**Source material:**
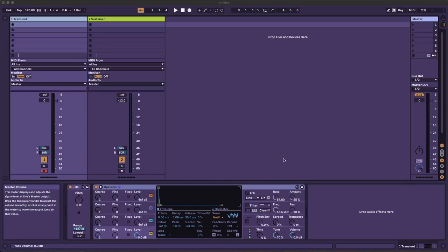I'm going to play two sounds. One is a really quick transient spike of white noise at zero dB with a decay time of about three milliseconds. After that, I'm going to play a sustained white noise sample at about minus 12 decibels. I want you to tell me which one sounds louder.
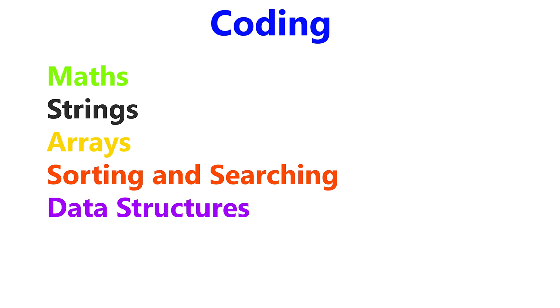Also learn how to use itertools because there is a high chance you will be given a hands-on question related to combinations or permutations. This package allows you to solve these problems very easily.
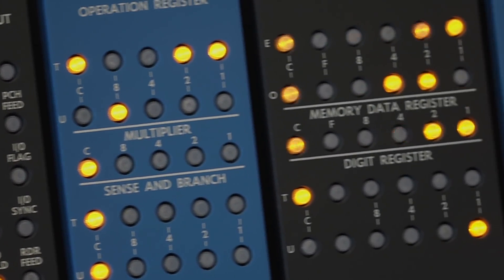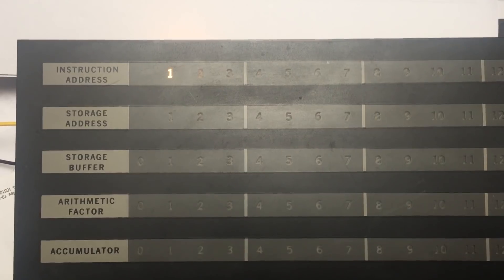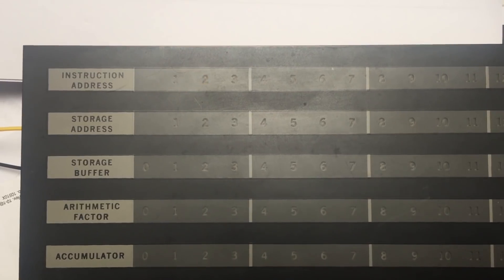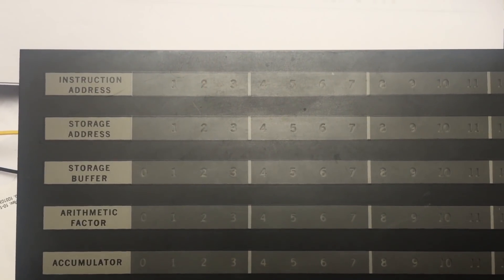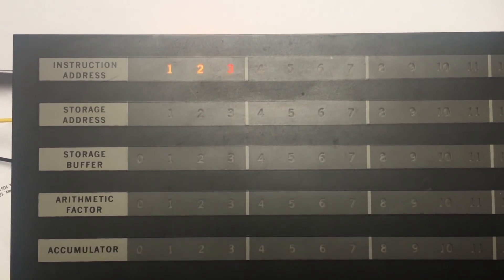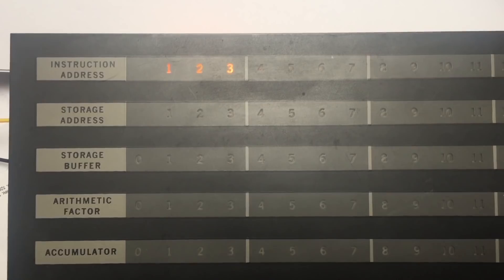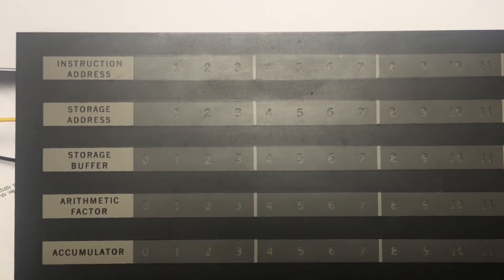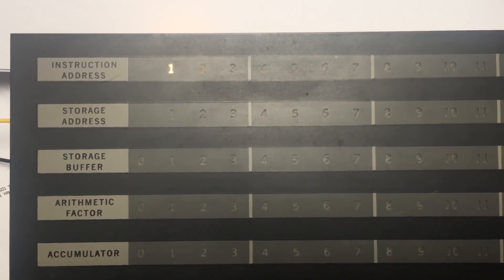Just before I uploaded this video, Carl sent me this from an early test. Promising, promising. Well done, Carl. Keep going.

**How to complete this task:** The answer is the listing above restated word for word, pictures removed.

**Exercise solution:**
I'm going to play two sounds. One is a really quick transient spike of white noise at zero dB with a decay time of about three milliseconds. After that, I'm going to play a sustained white noise sample at about minus 12 decibels. I want you to tell me which one sounds louder.
Also learn how to use itertools because there is a high chance you will be given a hands-on question related to combinations or permutations. This package allows you to solve these problems very easily.
Just before I uploaded this video, Carl sent me this from an early test. Promising, promising. Well done, Carl. Keep going.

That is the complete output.